Don’t get me wrong -- there are so many different things you can add to broth to make it tasty (different veggies like celery, carrots, etc.) but I’ve experimented a lot and have found that if the only ingredients you have on hand are bones, onions, salt and pepper, you can still make some fantastic broth! But not just any kind of onions will do... the secret to really tasty bone broth is actually including the ONION SKINS. Strange, right?The secret of including the “onion skins” is something I learned while studying to get my NTP certification -- a former student swore by it and I was skeptical.
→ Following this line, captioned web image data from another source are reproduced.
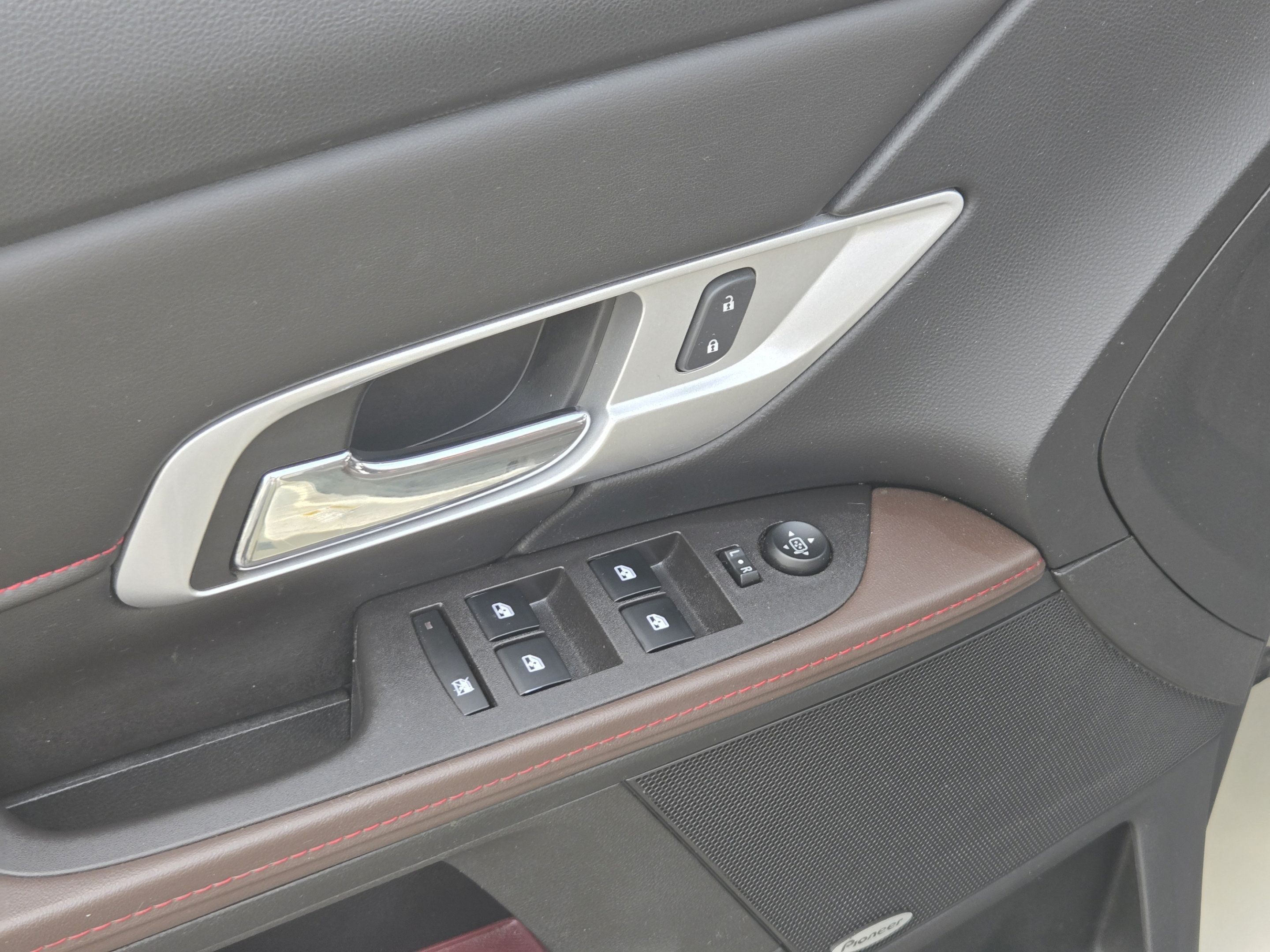 Used 2014 GMC Terrain SLT FWD image 9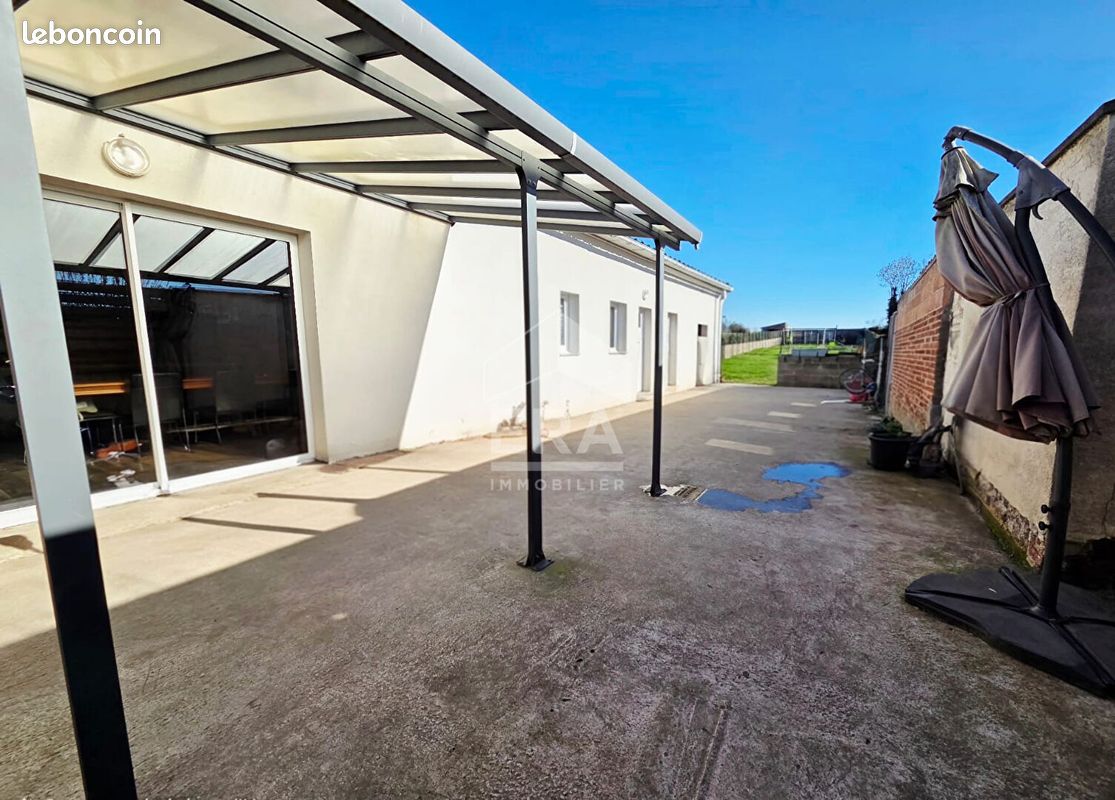 Maison 6 pièces 141 m² · à Loos-en-Gohelle · 141 m² · 234 000 €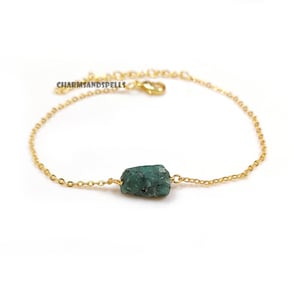Green Emerald Bracelet, Natural Raw Emerald Gemstones Men/Women Bracelet, Minimalist Emerald Bracelet, Emerald Crystal Layering Bracelet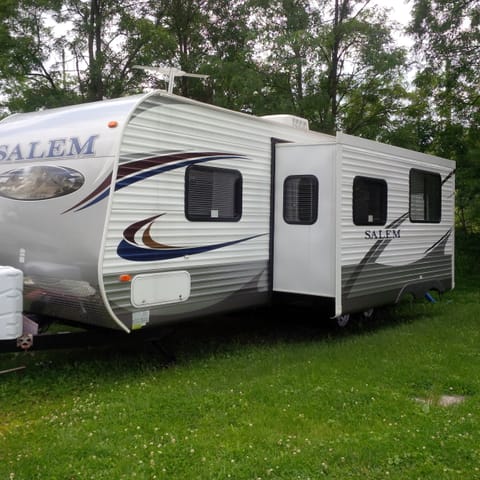 Home Runner Towable trailer in Oakville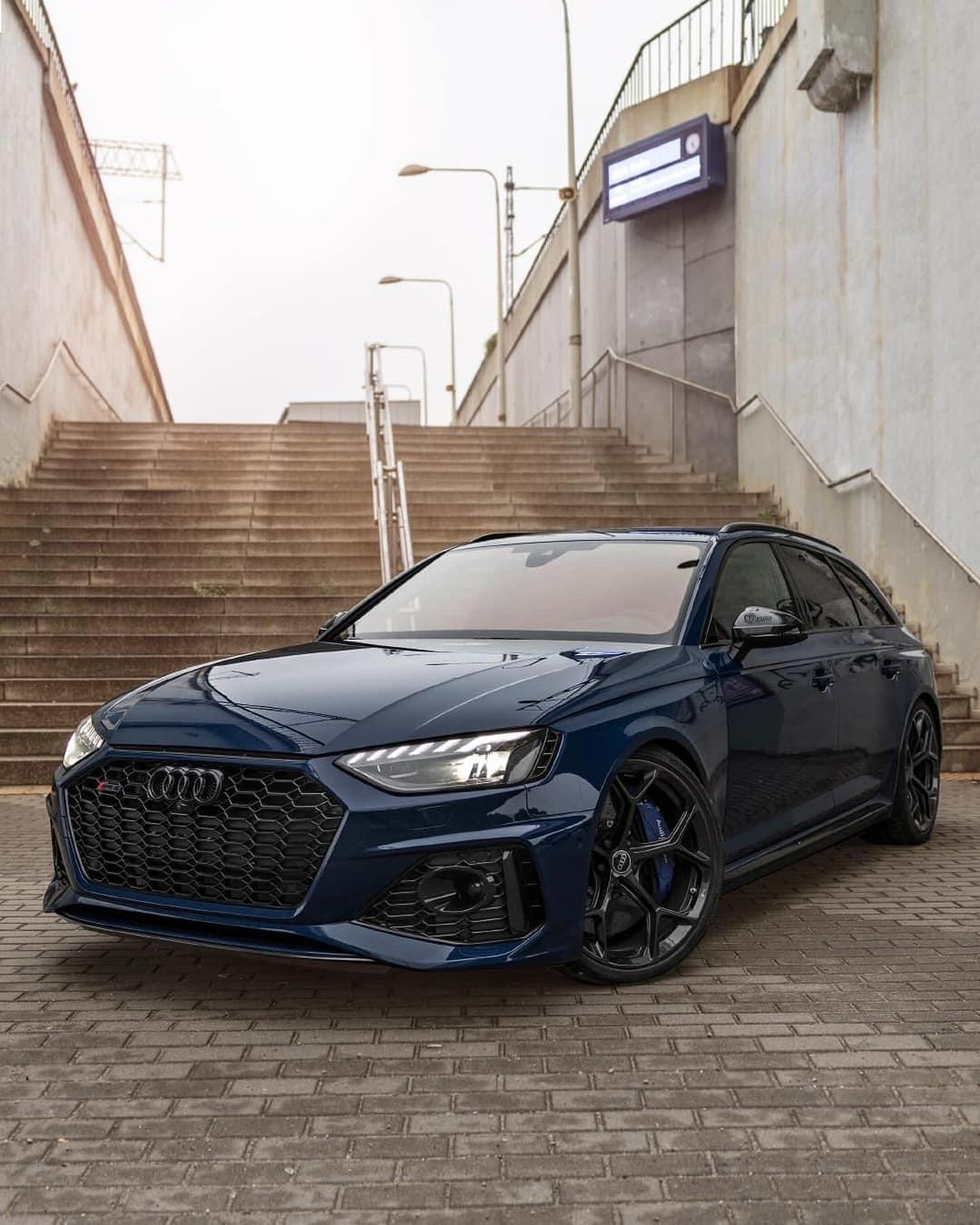 奥迪 RS4 Avant ​​​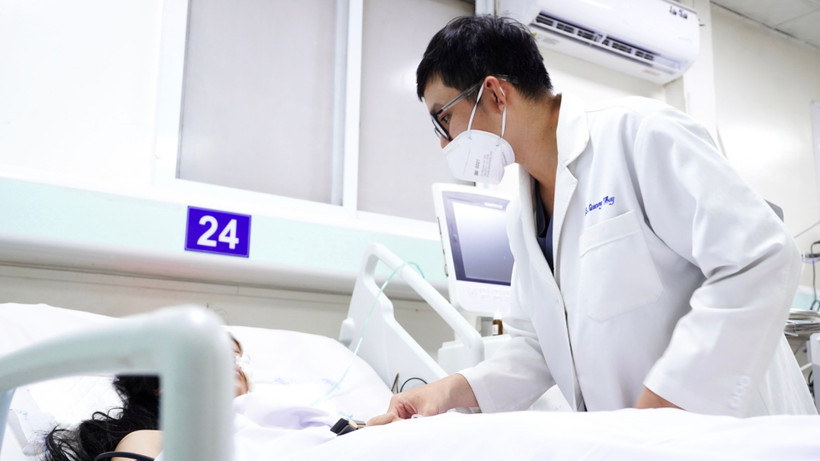 Bác sĩ Bệnh viện Nhân dân Gia Định thăm khám cho bệnh nhân trong vụ cháy.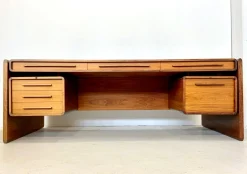 Dänischer Mid-Century Chief Schreibtisch von Dyrlund, 1960er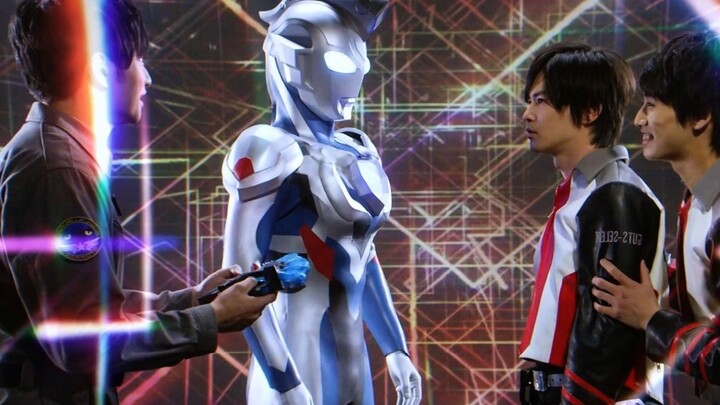 Triga and Ultraman Zeta fight side by side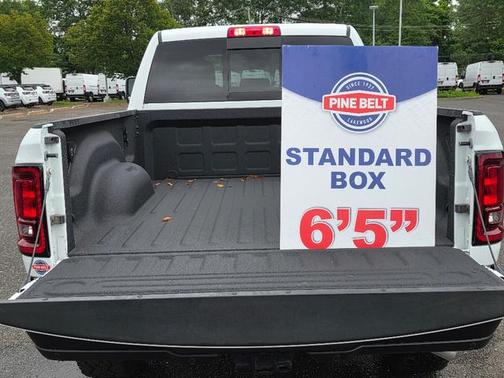 2025 RAM 2500 Tradesman Crew Cab 4x4 6'4' Box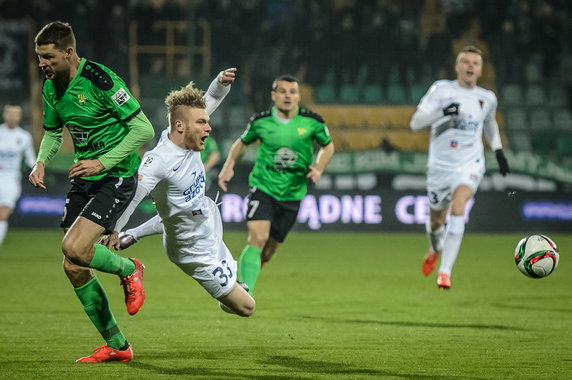 PIŁKA NOŻNA GÓNIK ŁĘCZNA POGOŃ SZCZECIN (Grzegorz Bonin Mateusz Lewandowski)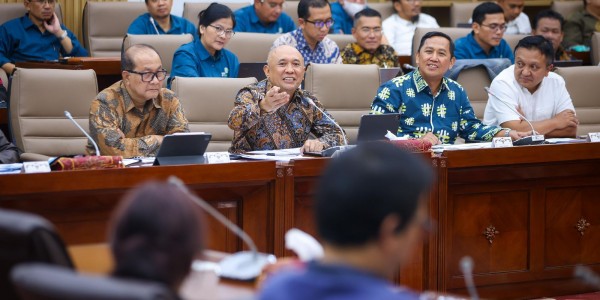 Teten Tagih Janji DPR untuk Segera Bahas RUU Perkoperasian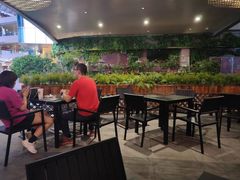 露天位-The Habit Burger Grill 哈比特汉堡(爱琴海店)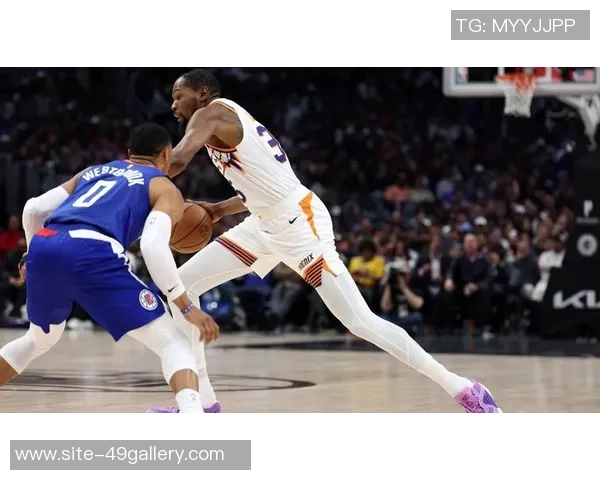 勇士与鹈鹕激战四月末季后赛争夺战精彩回顾与分析 勇士与鹈鹕激战四月末季后赛争夺战精彩回顾与分析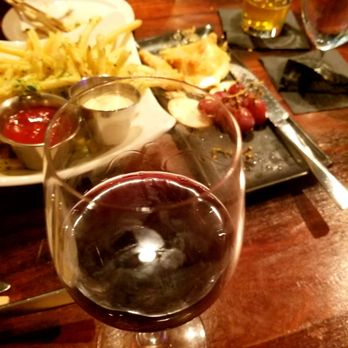 Amuse Wine Bar - Wine Bars Near Me - Honolulu, Hawaii Amuse Wine Bar - Wine Bars Near Me - Honolulu, Hawaii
But after experimenting making broth with and without leaving the skins on the onions, the skin-on version was a clear winner! Don’t ask me why -- I just know they pack a delicious, savory punch when cooked for a long time. Oh yeah, I should mention… making bone broth is fairly easy, but not quick! This is definitely a recipe to make on a weekend when you’ll be home all day to monitor a large stock pot simmering on the stove for 12 hours. If this isn’t your jam and you won’t be home to “babysit” a stock pot, you can definitely make broth in a crockpot, too!
*Note: I’m always an advocate for organic and sustainably produced food over conventional. But it’s especially important to pay attention to quality here -- make sure you are using the bones of a pasture-raised chicken without antibiotics. Healthy bones = healthy broth! Same goes for the onions -- especially since you are cooking them with their skins on, you want to make sure they are organic to limit your pesticide exposure.
Simple, Flavorful Bone Broth
2 chicken carcasses (when you make a rotisserie chicken, save the leftover bones by sticking them in the freezer. Cheap and sustainable!)
3 - 4 organic onions
2 bay leaves
1 tbsp salt
1 tbsp pepper
Chop onions in quarters, leaving their skins in tact. Place the onions, chicken carcass, bay leaves, salt and pepper into a large, 8-10 qt stock pot. Pour in a splash of apple cider vinegar. Fill up the pot water leaving at least 2 inches of space at the top to prevent boil-over. Cover and bring to a boil, then reduce to a simmer over low heat. Scrape off any “foam” that has risen to the top (the higher quality your chicken bones, the less “foam” you’ll get). Simmer on the stovetop for 8 - 12 hours. Let cool, remove bones/onions by pouring over a strainer or use my preferred (read: less messy) method of just using a slotted spoon to remove most of them. Enjoy!
*If you would prefer to make broth in a crock pot instead, follow the same instructions but cut the ingredient amounts in half and cook on low for 18 - 24 hours.